Moody's Investors Service released new indexes for Jumbo collateral. The aim of these indexes is to better assess the state as well as trends in the sector's credit quality. This set of indexes will allow the rating agency to track the delinquency, loss and prepayment performance of jumbo mortgage pools. Moody's Jumbo Mortgage Indexes use performance data from over 1,600 jumbo mortgage pools securitized since January 2001.
Although the rating agency expects Jumbo performance to remain comparatively strong, several factors that are on the horizon could potentially cause the performance of these mortgage pools to weaken versus historical averages. Whereas in the past, falling interest rates, home price appreciation and high levels of refinancing have resulted in considerably strong performance.
"Most investors expect the pools to perform well, which is similar to Moody's expectations," said Peter McNally, an analyst at Moody's. "As the market starts going through a different cycle, the sector's performance would not be as strong, even though it will still be good."
"Over the last three years, there has been strong performance and good mortgage characteristics," said Bruce Fabrikant, senior vice president at the rating agency. "However the economy is weakening so this performance is expected to deteriorate, although it is deteriorating from a strong base."
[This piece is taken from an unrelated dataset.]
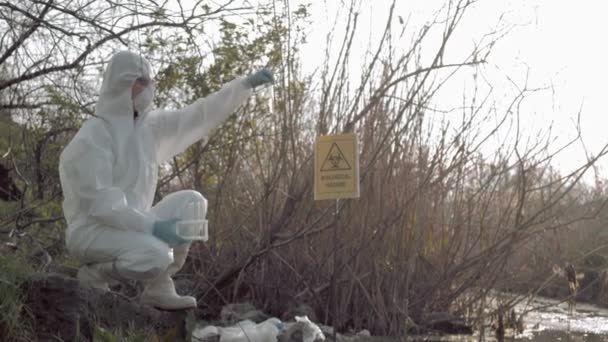 Биологическая опасность в природе, исследователь химзащиты в защитном костюме взяв образец зараженной воды в пробирках для тестирования в загрязненном заливе с указателем bi — стоковое видео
Despite the factors in its favor, Jumbo product is also subject to the rising interest rates that are expected to dampen prepayments, and could result in increased default rates while placing payment stress on IO and hybrid ARM borrowers. They are expected to face rate resets as well as payment shocks. A less robust housing sector might also result in fewer mortgages being paid off on account of borrowers selling their homes, possibly causing higher defaults and greater loss severities.
Moody's seven major jumbo mortgage indexes measure, among other things, the 30-59 day delinquencies; 60-89 day delinquencies; 60+ day delinquencies; 90+ day delinquencies; foreclosures; REO; and one-month CPR.
According to the data through the April 2006 reporting period, delinquencies that peaked in mid-2003 have dropped overall through last September. It increased sharply over the next two months then once again stabilizing over the following months.
This increase in delinquencies seems to be an isolated wave that might be partly attributed to Hurricane Katrina.
Trends in prepays have been very closely linked to interest rate movements. Prepayments have fallen considerably since the summer of 2003, when 30-year mortgage rates were at their lowest point, Moody's said.